### [Data for review]
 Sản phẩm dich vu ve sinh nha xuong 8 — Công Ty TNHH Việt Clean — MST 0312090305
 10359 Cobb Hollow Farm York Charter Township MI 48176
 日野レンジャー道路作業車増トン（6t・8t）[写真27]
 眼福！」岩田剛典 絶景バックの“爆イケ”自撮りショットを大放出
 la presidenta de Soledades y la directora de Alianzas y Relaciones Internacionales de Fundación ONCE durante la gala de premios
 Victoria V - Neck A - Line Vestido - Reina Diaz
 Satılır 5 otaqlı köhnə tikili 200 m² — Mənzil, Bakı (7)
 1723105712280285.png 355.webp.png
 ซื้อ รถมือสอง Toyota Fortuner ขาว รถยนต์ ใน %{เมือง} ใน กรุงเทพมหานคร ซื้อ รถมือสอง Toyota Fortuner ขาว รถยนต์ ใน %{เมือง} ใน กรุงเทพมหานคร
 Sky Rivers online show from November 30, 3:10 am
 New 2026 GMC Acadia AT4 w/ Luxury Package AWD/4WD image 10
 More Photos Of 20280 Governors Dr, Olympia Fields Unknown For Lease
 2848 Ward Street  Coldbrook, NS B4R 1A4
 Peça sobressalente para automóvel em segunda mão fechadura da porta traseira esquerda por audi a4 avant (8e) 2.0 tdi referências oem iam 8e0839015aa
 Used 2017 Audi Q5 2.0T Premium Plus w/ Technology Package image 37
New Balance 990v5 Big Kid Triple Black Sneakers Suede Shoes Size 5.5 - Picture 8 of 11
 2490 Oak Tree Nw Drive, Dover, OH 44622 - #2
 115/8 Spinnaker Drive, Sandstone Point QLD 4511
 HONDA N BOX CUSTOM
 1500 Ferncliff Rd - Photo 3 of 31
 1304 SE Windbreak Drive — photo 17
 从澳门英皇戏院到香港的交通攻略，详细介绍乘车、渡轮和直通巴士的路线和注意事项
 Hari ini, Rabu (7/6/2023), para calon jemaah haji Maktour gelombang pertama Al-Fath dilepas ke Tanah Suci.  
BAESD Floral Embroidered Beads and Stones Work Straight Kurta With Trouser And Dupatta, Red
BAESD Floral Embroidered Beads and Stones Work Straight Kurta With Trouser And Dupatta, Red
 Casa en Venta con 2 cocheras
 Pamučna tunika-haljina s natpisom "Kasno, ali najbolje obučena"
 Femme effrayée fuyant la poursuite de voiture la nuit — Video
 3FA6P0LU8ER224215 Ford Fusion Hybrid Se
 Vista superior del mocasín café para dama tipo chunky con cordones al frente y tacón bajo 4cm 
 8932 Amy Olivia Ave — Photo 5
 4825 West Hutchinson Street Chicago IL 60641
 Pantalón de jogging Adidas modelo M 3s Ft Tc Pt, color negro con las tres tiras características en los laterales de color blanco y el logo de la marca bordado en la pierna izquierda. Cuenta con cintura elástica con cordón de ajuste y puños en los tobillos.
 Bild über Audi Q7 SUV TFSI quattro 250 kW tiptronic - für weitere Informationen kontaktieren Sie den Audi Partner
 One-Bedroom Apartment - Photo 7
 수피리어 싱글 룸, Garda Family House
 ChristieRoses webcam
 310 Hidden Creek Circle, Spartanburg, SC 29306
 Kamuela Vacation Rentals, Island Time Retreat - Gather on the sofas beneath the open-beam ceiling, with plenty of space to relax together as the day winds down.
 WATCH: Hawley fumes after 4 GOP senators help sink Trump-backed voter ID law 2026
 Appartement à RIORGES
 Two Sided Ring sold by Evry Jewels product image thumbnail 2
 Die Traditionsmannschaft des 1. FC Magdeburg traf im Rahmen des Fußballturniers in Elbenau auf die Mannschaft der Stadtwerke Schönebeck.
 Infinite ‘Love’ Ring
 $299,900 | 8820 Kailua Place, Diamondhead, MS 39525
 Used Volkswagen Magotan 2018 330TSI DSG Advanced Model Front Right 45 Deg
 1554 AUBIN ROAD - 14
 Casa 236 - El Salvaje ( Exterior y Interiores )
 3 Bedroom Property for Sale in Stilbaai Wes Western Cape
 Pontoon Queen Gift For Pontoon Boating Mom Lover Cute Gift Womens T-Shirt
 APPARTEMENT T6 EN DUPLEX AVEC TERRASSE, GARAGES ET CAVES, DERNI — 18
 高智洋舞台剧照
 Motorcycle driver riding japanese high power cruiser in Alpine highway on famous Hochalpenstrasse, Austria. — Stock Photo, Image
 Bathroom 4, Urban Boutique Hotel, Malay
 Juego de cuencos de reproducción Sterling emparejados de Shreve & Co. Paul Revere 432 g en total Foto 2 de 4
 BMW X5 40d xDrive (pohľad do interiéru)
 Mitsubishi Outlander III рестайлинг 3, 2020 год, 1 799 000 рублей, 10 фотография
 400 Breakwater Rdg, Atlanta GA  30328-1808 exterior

### [What you are asked to do]
Would you retype the lines above from the one with "115/8 Spinnaker Drive, Sandstone" down to the one with "Kamuela Vacation Rentals, Island", word for word, both ends included and no other lines?

### [Output below]
 115/8 Spinnaker Drive, Sandstone Point QLD 4511
 HONDA N BOX CUSTOM
 1500 Ferncliff Rd - Photo 3 of 31
 1304 SE Windbreak Drive — photo 17
 从澳门英皇戏院到香港的交通攻略，详细介绍乘车、渡轮和直通巴士的路线和注意事项
 Hari ini, Rabu (7/6/2023), para calon jemaah haji Maktour gelombang pertama Al-Fath dilepas ke Tanah Suci.  
BAESD Floral Embroidered Beads and Stones Work Straight Kurta With Trouser And Dupatta, Red
BAESD Floral Embroidered Beads and Stones Work Straight Kurta With Trouser And Dupatta, Red
 Casa en Venta con 2 cocheras
 Pamučna tunika-haljina s natpisom "Kasno, ali najbolje obučena"
 Femme effrayée fuyant la poursuite de voiture la nuit — Video
 3FA6P0LU8ER224215 Ford Fusion Hybrid Se
 Vista superior del mocasín café para dama tipo chunky con cordones al frente y tacón bajo 4cm 
 8932 Amy Olivia Ave — Photo 5
 4825 West Hutchinson Street Chicago IL 60641
 Pantalón de jogging Adidas modelo M 3s Ft Tc Pt, color negro con las tres tiras características en los laterales de color blanco y el logo de la marca bordado en la pierna izquierda. Cuenta con cintura elástica con cordón de ajuste y puños en los tobillos.
 Bild über Audi Q7 SUV TFSI quattro 250 kW tiptronic - für weitere Informationen kontaktieren Sie den Audi Partner
 One-Bedroom Apartment - Photo 7
 수피리어 싱글 룸, Garda Family House
 ChristieRoses webcam
 310 Hidden Creek Circle, Spartanburg, SC 29306
 Kamuela Vacation Rentals, Island Time Retreat - Gather on the sofas beneath the open-beam ceiling, with plenty of space to relax together as the day winds down.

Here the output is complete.